__TRY IT__:
Without any of the pictures, transcribe all the lines below exactly.

__DATASET EXCERPT__:
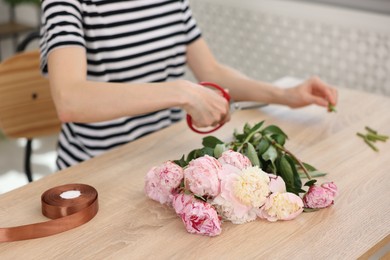 Photo of Florist making bouquet of peonies at wooden table in flower shop, closeup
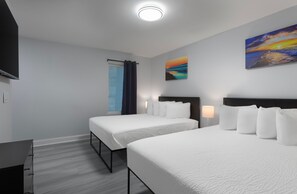 Une chambre d’hôtel avec deux lits, un téléviseur à écran plat, un tableau et une fenêtre avec des rideaux.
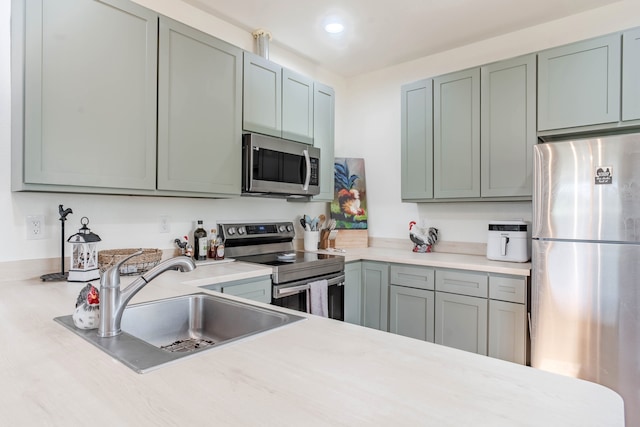 kitchen with sink and stainless steel appliances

__WRITTEN ANSWER__:
 Photo of Florist making bouquet of peonies at wooden table in flower shop, closeup
 Une chambre d’hôtel avec deux lits, un téléviseur à écran plat, un tableau et une fenêtre avec des rideaux.
 kitchen with sink and stainless steel appliances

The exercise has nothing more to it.